→ Exercise
Each record should reappear exactly in your answer, minus any picture.

Brief descriptive captions
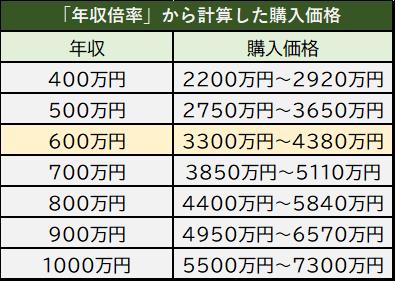 ※住宅金融支援機構「フラット35利用者調査(2019年度)」を元に筆者作成
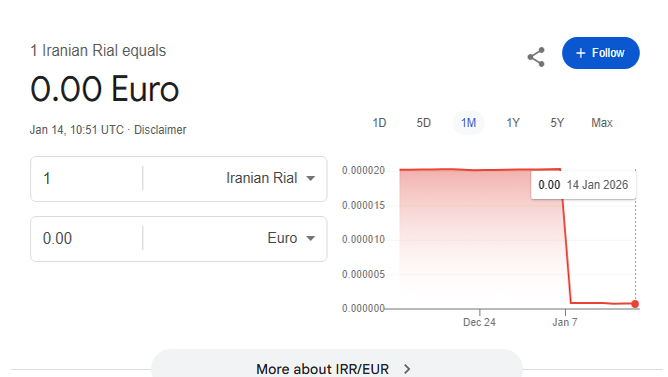 جدول ارزی گوگل به مرگ پول ایران اعتراف می کند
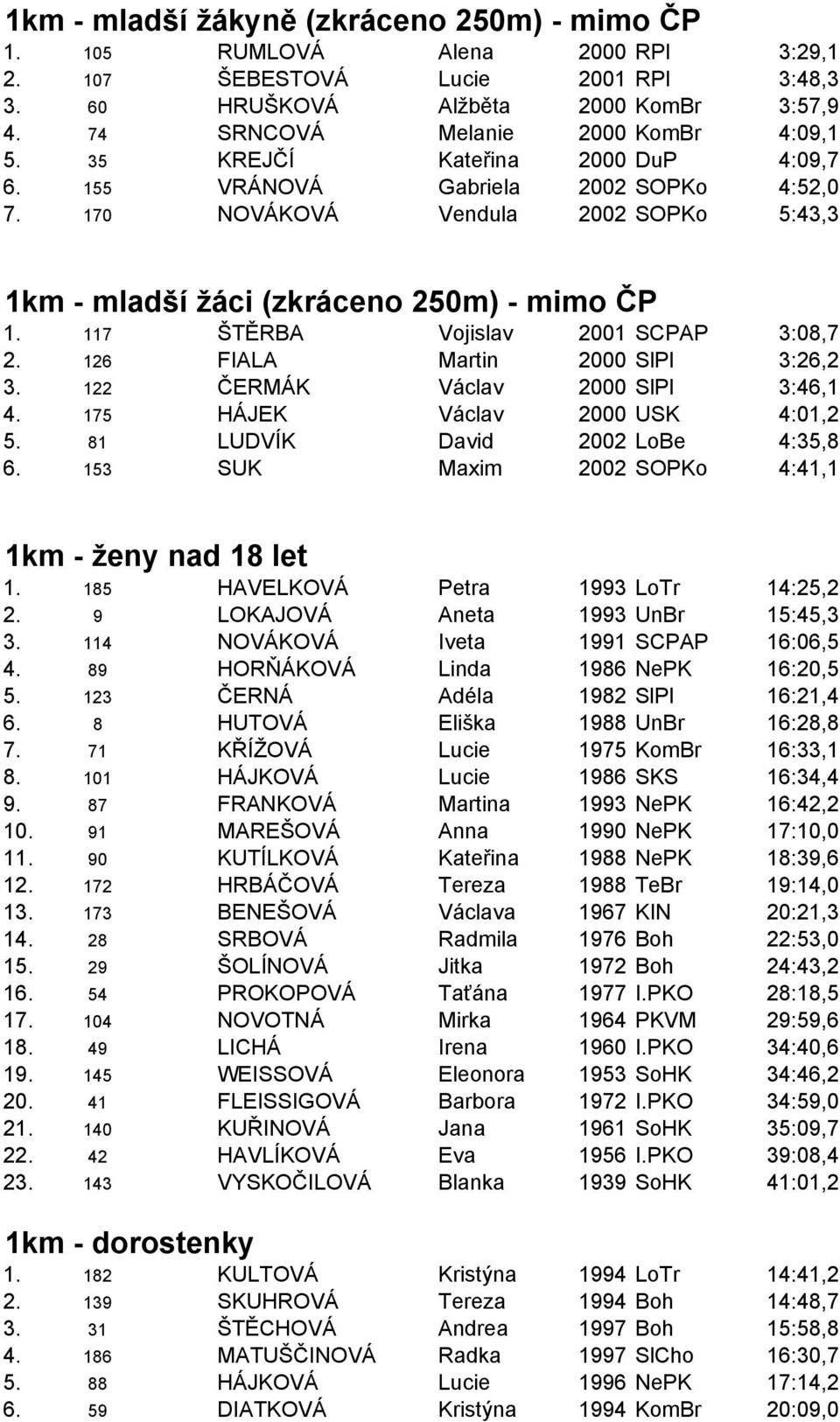 170 NOVÁKOVÁ Vendula 2002 SOPKo 5:43,3 1km - mladší žáci (zkráceno 250m) - mimo ČP 1. 117 ŠTĚRBA Vojislav 2001 SCPAP 3:08,7 2. 126 FIALA Martin 2000 SlPl 3:26,2 3.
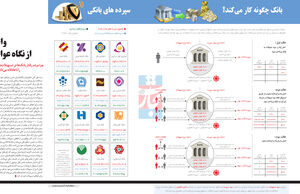 وام از نگاه عوام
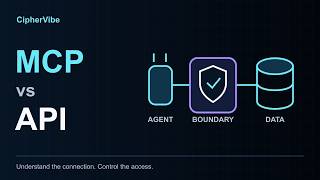 MCP vs API Explained: Connect AI Agents to Data Safely
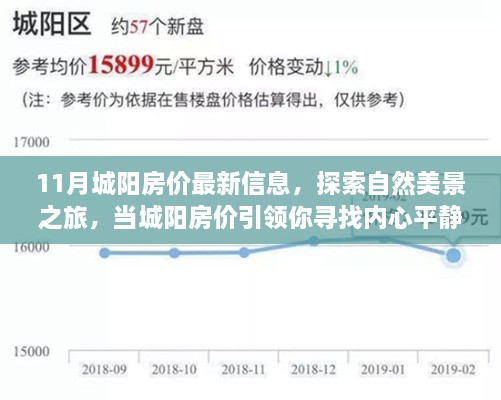 11月城陽房價最新動態(tài)與探索自然美景之旅，房價引領內(nèi)心平靜之旅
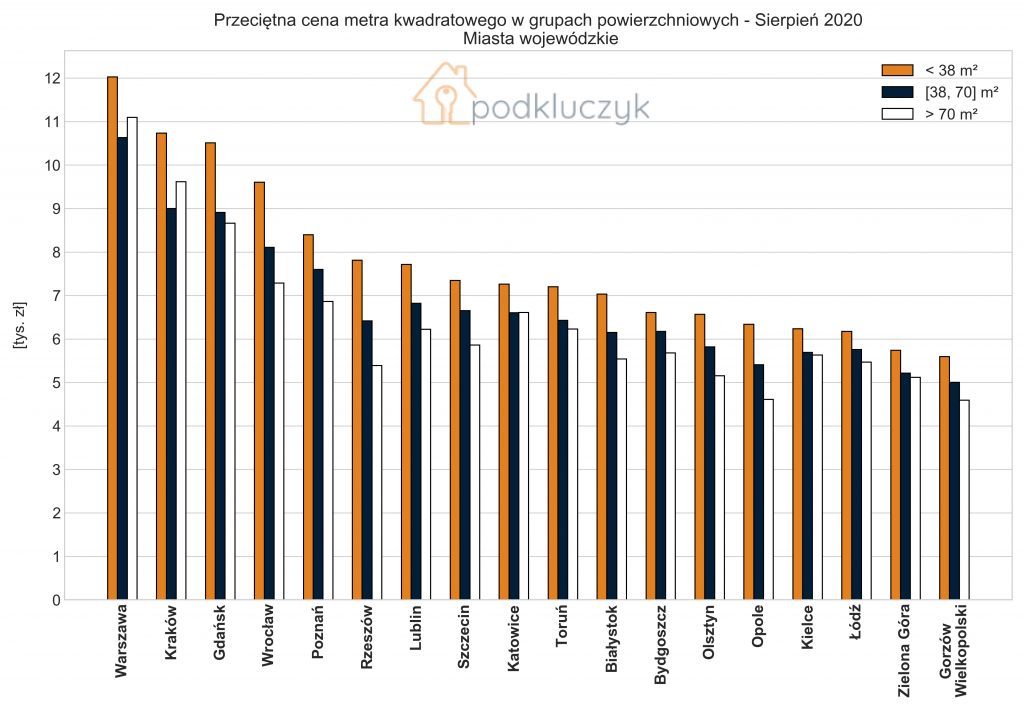 ceny mieszkań - kiedy można liczyć na spadek cen nieruchomości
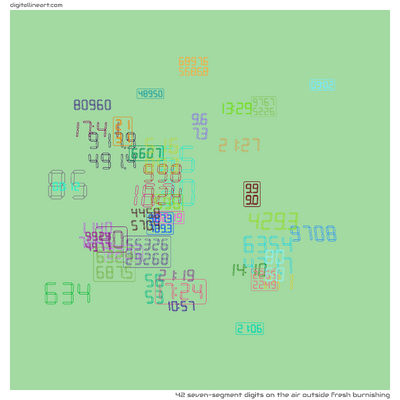 The Air outside Fresh Burnishing — 42 seven-segment digits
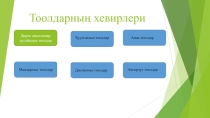 Презентация по тувинскому фольклору Аас чогаал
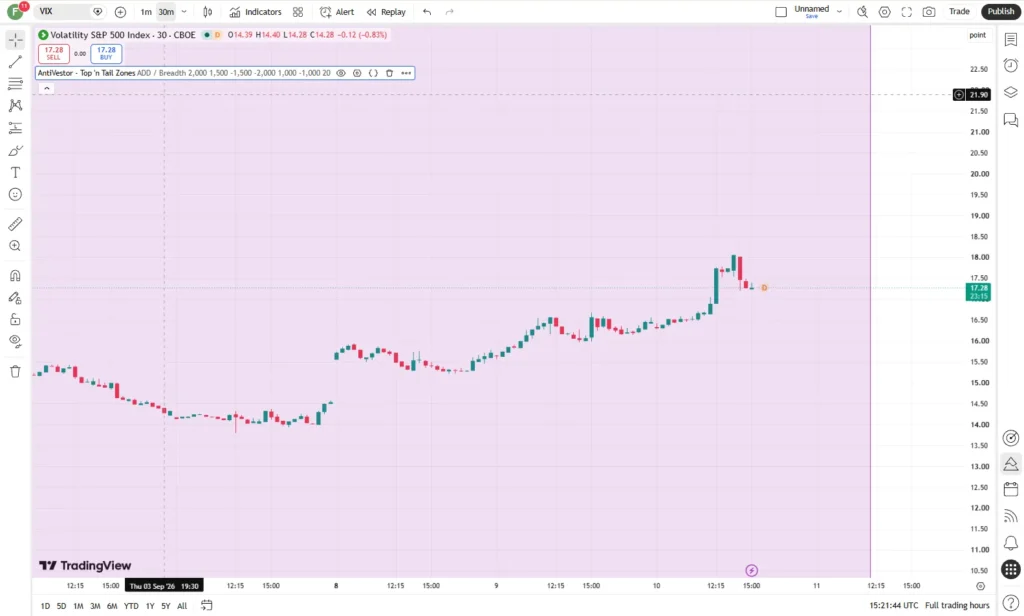 دانلود اندیکاتور Accumulation Distribution (ADL) برای تریدینگ ویو در ارزدیجیتال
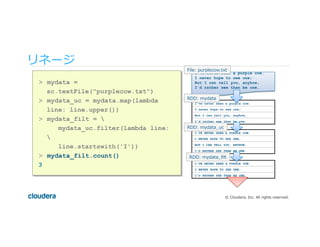 ©  Cloudera,  Inc.  All  rights  reserved.
I've never seen a purple cow.
I never hope to see one;
But I can tell you, anyhow,
I'd rather see than be one.
I'VE NEVER SEEN A PURPLE COW.
I NEVER HOPE TO SEE ONE;
BUT I CAN TELL YOU, ANYHOW,
I'D RATHER SEE THAN BE ONE.
I'VE NEVER SEEN A PURPLE COW.
I NEVER HOPE TO SEE ONE;
I'D RATHER SEE THAN BE ONE.
I've never seen a purple cow.
I never hope to see one;
But I can tell you, anyhow,
I'd rather see than be one.
File:  purplecow.txt
RDD:  mydata
RDD:  mydata_̲uc
RDD:  mydata_̲ﬁlt
>  mydata =
sc.textFile("purplecow.txt")
>  mydata_uc = mydata.map(lambda
line: line.upper())
>  mydata_filt = 
mydata_uc.filter(lambda line:

line.startswith('I'))
>  mydata_filt.count()
3
リネージ
 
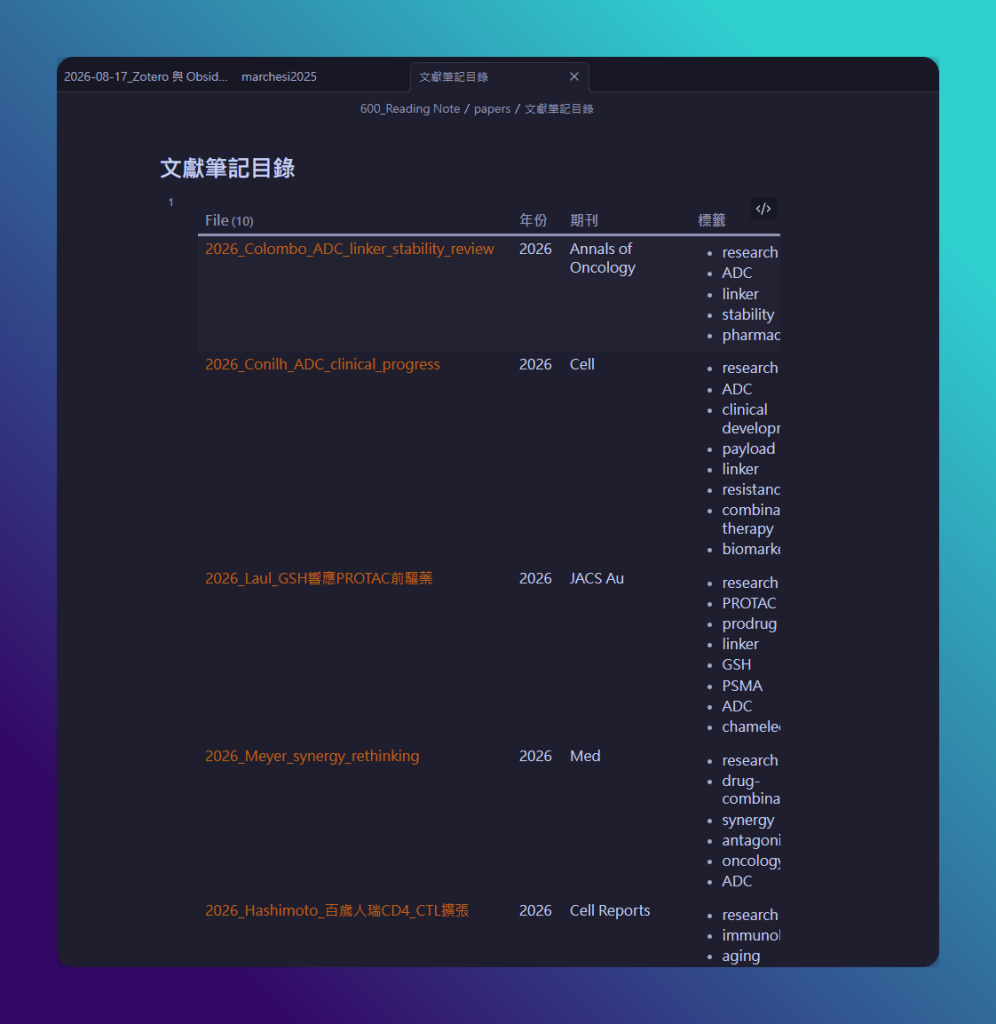 Zotero 串接 Obsidian 完整教學|生成文獻筆記,讓想法互相連結 15 Obsidian Dataview 外掛生成的文獻筆記總覽表格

→ Exercise solution
 ※住宅金融支援機構「フラット35利用者調査(2019年度)」を元に筆者作成
 جدول ارزی گوگل به مرگ پول ایران اعتراف می کند
 170 NOVÁKOVÁ Vendula 2002 SOPKo 5:43,3 1km - mladší žáci (zkráceno 250m) - mimo ČP 1. 117 ŠTĚRBA Vojislav 2001 SCPAP 3:08,7 2. 126 FIALA Martin 2000 SlPl 3:26,2 3.
 وام از نگاه عوام
 MCP vs API Explained: Connect AI Agents to Data Safely
 11月城陽房價最新動態(tài)與探索自然美景之旅，房價引領內(nèi)心平靜之旅
 ceny mieszkań - kiedy można liczyć na spadek cen nieruchomości
 The Air outside Fresh Burnishing — 42 seven-segment digits
 Презентация по тувинскому фольклору Аас чогаал
 دانلود اندیکاتور Accumulation Distribution (ADL) برای تریدینگ ویو در ارزدیجیتال
 ©  Cloudera,  Inc.  All  rights  reserved.
I've never seen a purple cow.
I never hope to see one;
But I can tell you, anyhow,
I'd rather see than be one.
I'VE NEVER SEEN A PURPLE COW.
I NEVER HOPE TO SEE ONE;
BUT I CAN TELL YOU, ANYHOW,
I'D RATHER SEE THAN BE ONE.
I'VE NEVER SEEN A PURPLE COW.
I NEVER HOPE TO SEE ONE;
I'D RATHER SEE THAN BE ONE.
I've never seen a purple cow.
I never hope to see one;
But I can tell you, anyhow,
I'd rather see than be one.
File:  purplecow.txt
RDD:  mydata
RDD:  mydata_̲uc
RDD:  mydata_̲ﬁlt
>  mydata =
sc.textFile("purplecow.txt")
>  mydata_uc = mydata.map(lambda
line: line.upper())
>  mydata_filt = 
mydata_uc.filter(lambda line:

line.startswith('I'))
>  mydata_filt.count()
3
リネージ
 
 Zotero 串接 Obsidian 完整教學|生成文獻筆記,讓想法互相連結 15 Obsidian Dataview 外掛生成的文獻筆記總覽表格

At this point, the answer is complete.